A questo punto, torna la domanda centrale di tutta questa assurda vicenda: ne è valsa la pena? Gianfranco Fini era il numero due del Pdl, era a capo di una maggioranza salda che aveva la possibilità di governare il Paese nei prossimi anni, aveva la possibilità di fare le riforme, di far sentire le sue ragioni, di costruire davvero un pezzo di futuro (e di libertà). E invece ha buttato tutto all’aria. Ha messo in difficoltà il partito, la maggioranza, il Paese, le istituzioni. E tutto questo per cosa? Per dare un partito a Bocchino.

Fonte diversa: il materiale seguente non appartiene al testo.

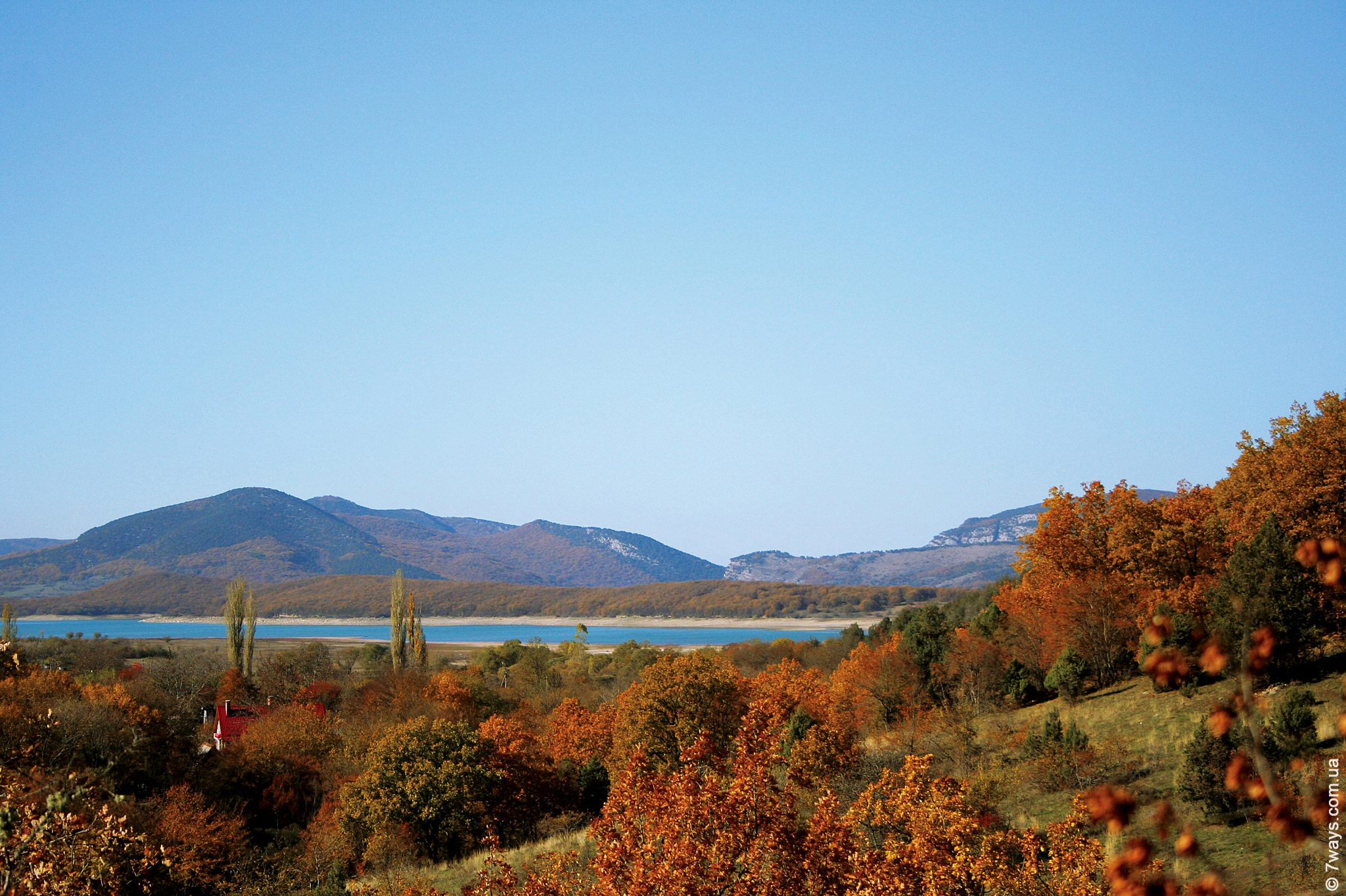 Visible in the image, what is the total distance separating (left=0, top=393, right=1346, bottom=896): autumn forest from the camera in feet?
34.0

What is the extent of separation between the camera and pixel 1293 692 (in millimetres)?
20578

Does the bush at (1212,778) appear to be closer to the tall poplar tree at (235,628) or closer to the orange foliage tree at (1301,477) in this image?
the orange foliage tree at (1301,477)

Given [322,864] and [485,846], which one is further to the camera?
[485,846]

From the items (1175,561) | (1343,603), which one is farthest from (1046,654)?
(1343,603)

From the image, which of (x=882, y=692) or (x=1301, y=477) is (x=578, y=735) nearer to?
(x=882, y=692)

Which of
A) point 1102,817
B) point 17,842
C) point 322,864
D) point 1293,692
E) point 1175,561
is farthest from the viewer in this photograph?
point 1175,561

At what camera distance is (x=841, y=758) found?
3203 cm

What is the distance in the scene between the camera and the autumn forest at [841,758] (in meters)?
10.4

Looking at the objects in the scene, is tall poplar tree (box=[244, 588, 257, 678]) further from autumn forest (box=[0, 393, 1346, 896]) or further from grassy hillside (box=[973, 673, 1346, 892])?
grassy hillside (box=[973, 673, 1346, 892])

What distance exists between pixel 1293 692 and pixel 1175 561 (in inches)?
830

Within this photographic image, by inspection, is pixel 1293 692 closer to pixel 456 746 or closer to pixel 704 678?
pixel 704 678

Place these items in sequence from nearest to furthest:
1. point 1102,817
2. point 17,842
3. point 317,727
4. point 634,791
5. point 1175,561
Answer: point 1102,817
point 17,842
point 634,791
point 1175,561
point 317,727

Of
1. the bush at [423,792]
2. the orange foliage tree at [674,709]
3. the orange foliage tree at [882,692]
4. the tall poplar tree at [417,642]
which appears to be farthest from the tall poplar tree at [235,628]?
the orange foliage tree at [882,692]

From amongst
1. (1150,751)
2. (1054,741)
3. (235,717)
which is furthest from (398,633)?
(1150,751) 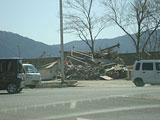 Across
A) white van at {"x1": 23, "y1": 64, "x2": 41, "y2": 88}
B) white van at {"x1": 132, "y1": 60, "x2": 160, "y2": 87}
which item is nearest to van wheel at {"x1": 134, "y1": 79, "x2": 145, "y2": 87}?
white van at {"x1": 132, "y1": 60, "x2": 160, "y2": 87}

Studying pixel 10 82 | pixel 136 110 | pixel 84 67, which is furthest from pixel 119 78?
pixel 136 110

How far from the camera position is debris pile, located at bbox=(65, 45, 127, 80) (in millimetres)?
32688

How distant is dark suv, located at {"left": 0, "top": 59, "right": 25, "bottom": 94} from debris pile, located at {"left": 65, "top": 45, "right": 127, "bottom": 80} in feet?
46.7

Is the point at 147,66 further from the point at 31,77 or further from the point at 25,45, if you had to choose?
the point at 25,45

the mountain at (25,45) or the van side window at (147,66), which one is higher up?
the mountain at (25,45)

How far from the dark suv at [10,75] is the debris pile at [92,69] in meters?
14.2

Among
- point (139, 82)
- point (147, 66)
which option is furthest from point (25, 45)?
point (147, 66)

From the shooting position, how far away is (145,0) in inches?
1512

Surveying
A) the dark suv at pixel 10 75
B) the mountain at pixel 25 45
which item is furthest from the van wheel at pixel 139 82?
the mountain at pixel 25 45

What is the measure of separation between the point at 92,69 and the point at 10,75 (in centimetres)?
1558

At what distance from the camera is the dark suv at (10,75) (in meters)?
18.6

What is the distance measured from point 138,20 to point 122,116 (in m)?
30.9

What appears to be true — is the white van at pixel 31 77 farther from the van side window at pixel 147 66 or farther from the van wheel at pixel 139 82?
the van side window at pixel 147 66

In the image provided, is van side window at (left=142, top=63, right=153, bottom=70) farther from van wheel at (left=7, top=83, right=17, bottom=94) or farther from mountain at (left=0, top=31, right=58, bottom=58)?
mountain at (left=0, top=31, right=58, bottom=58)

Un partitino piccino picciò, roba da organizzazione dei pensionati, una specie di giocattolino per non annoiarsi nelle sere d’inverno e poter essere invitati al gran ballo del Quirinale. Niente più. Perfetto, si capisce, adesso Italo sarà contento. Ma se a Italo viene voglia di diventare presidente di una squadra di calcio, Fini che fa? Gli compra la Lazio? E se gli viene voglia di diventare cantante? Gli affitta il teatro Ariston di Sanremo? Con Gianni Morandi come spalla?

Da dove venga tanto potere di Bocchino su Gianfranco è difficile sapere. Però i fatti sono evidenti: Italo ha iniziato la carriera facendo l’autista di Tatarella, ma adesso usa Fini come un taxi. Si fa portare in giro, a tassametro zero. E lui, Gianfry dei Tullianos , «l’uomo che l’Italia aspettava, il leader che salverà il Paese», come lo inneggiarono a Bastia Umbra sfiorando il culto della personalità, quello cui si rivolgevano gli intellettuali dicendo: «L’Italia ha bisogno di lei», quello coccolato e blandito da Fazio, Saviano, Muccino, dagli scrittori dei salotti chic e dalla sinistra engagé , ebbene lui, s’è ridotto a far lo zerbino d’Italo, il portatore d’acqua di un deputato che fino all’anno scorso considerava poco più di nulla.

Bel risultato, presidente Fini, complimenti:

forse così riuscirà a far sopravvivere un inutile partitino. Sicuramente non riuscirà a sopravvivere lei: un leader, per essere un leader, deve dimostrare che pensa al futuro dell’Italia. Mica solo al futuro dell’Italo.